> **TASK DESCRIPTION**: Word for word, repeat the data that follows. Do not include the pictures.

> **DATASET EXCERPT**:
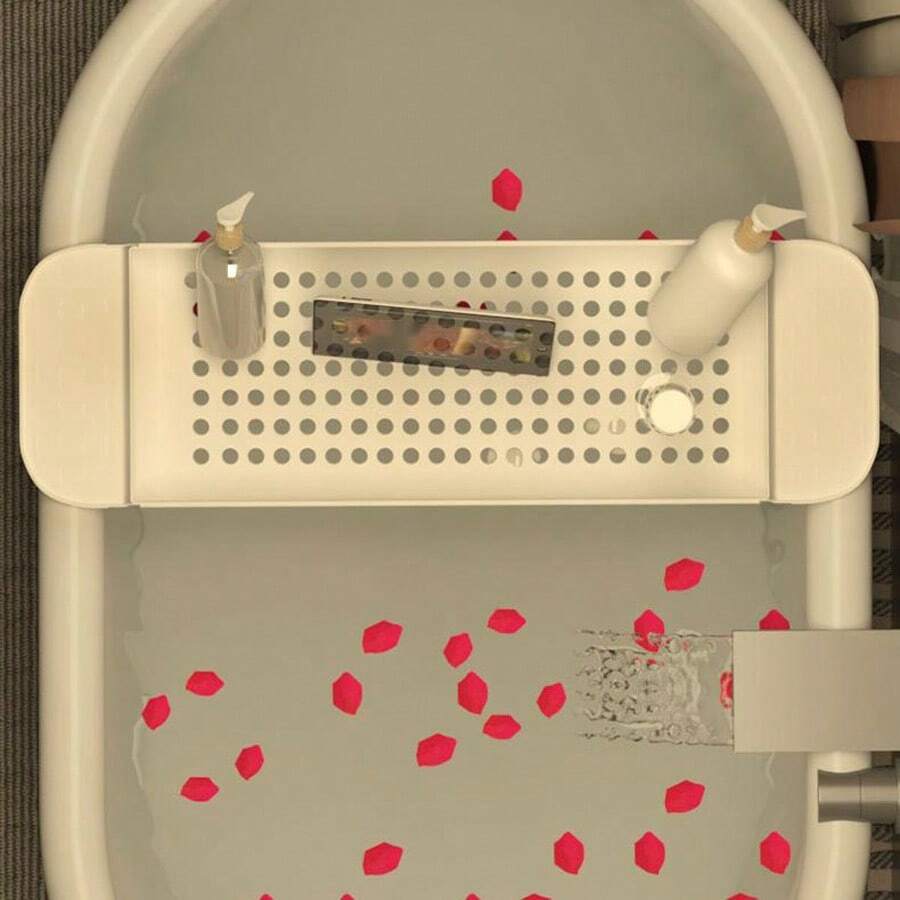 Bathroom Bathtub Rack, Retractable Drainage Rack, Storage Board, Bath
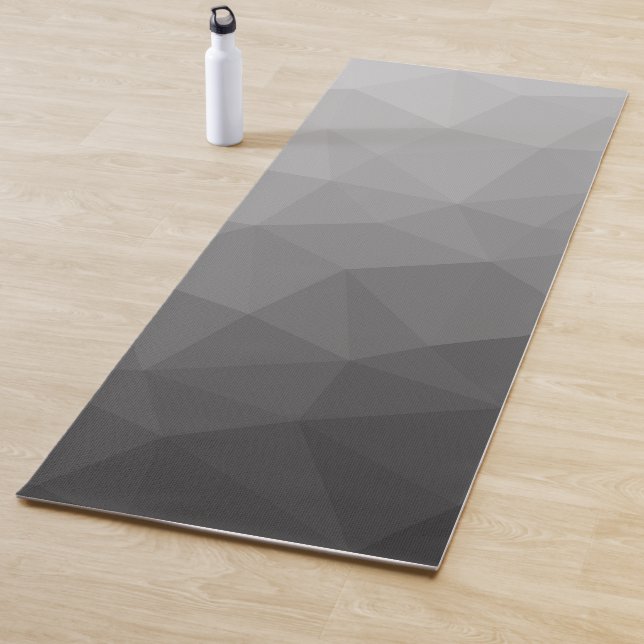 Light Grey Gradient Geometric Mesh Pattern Yoga Mat (In Situ)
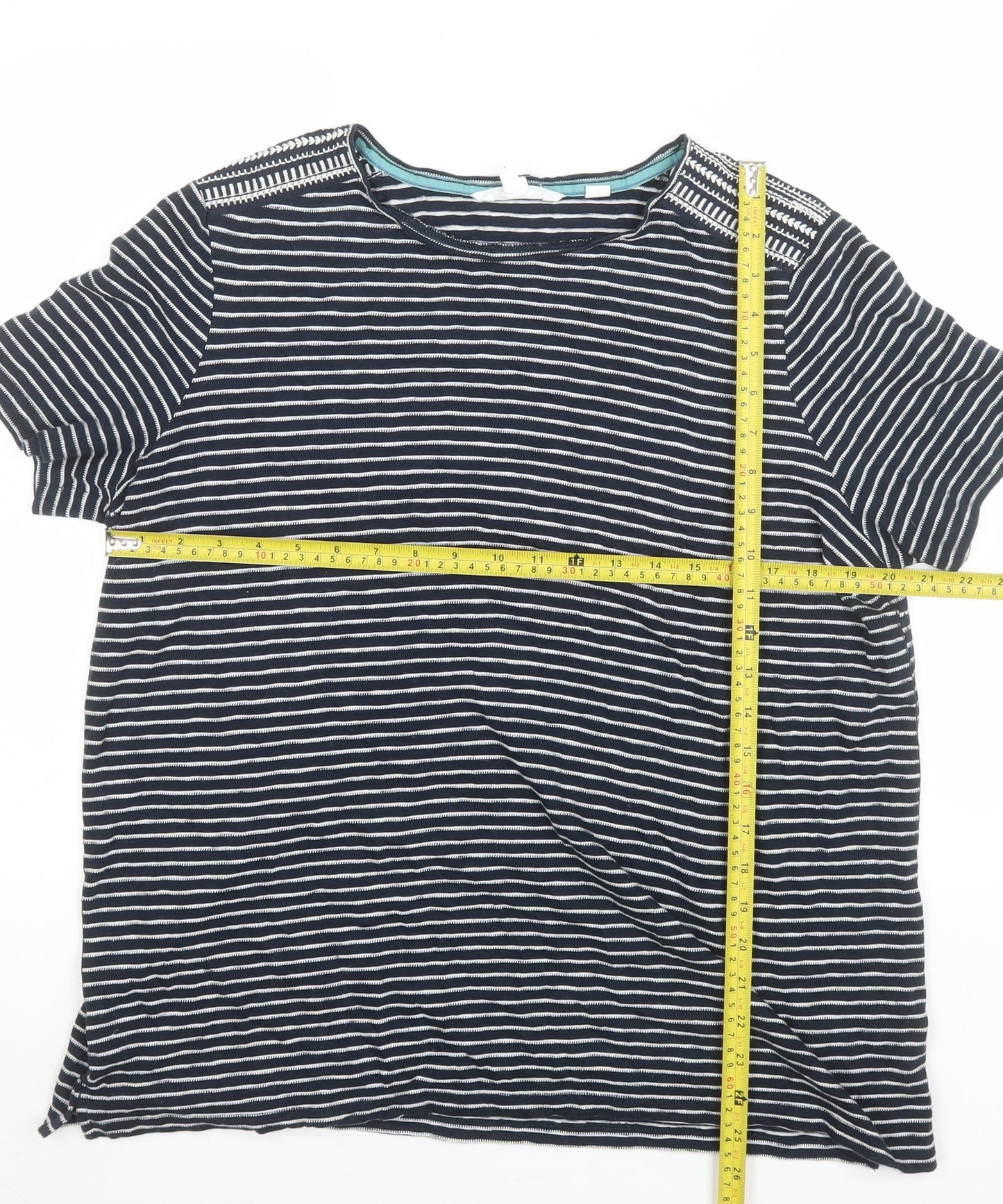 White Stuff Women's Blue Striped Cotton T-Shirt Size 18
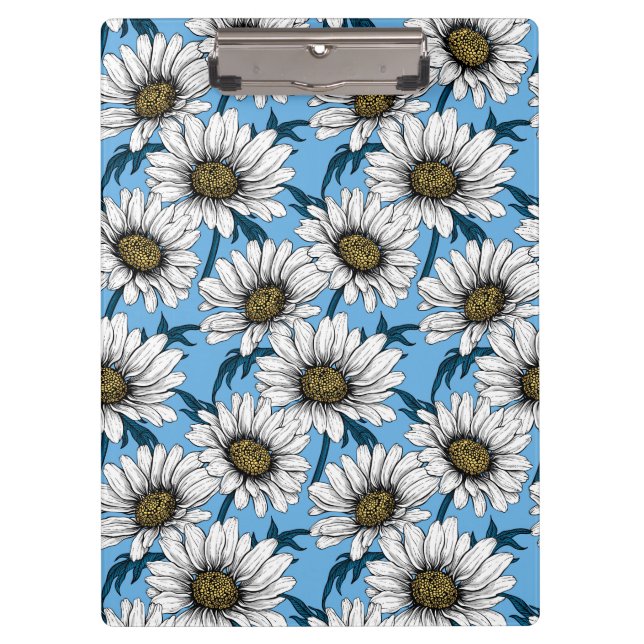 Porte-bloc Maisonnettes, fleurs sauvages sur bleu (Devant)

> **SOLVED PROBLEM**:
 Bathroom Bathtub Rack, Retractable Drainage Rack, Storage Board, Bath
 Light Grey Gradient Geometric Mesh Pattern Yoga Mat (In Situ)
 White Stuff Women's Blue Striped Cotton T-Shirt Size 18
 Porte-bloc Maisonnettes, fleurs sauvages sur bleu (Devant)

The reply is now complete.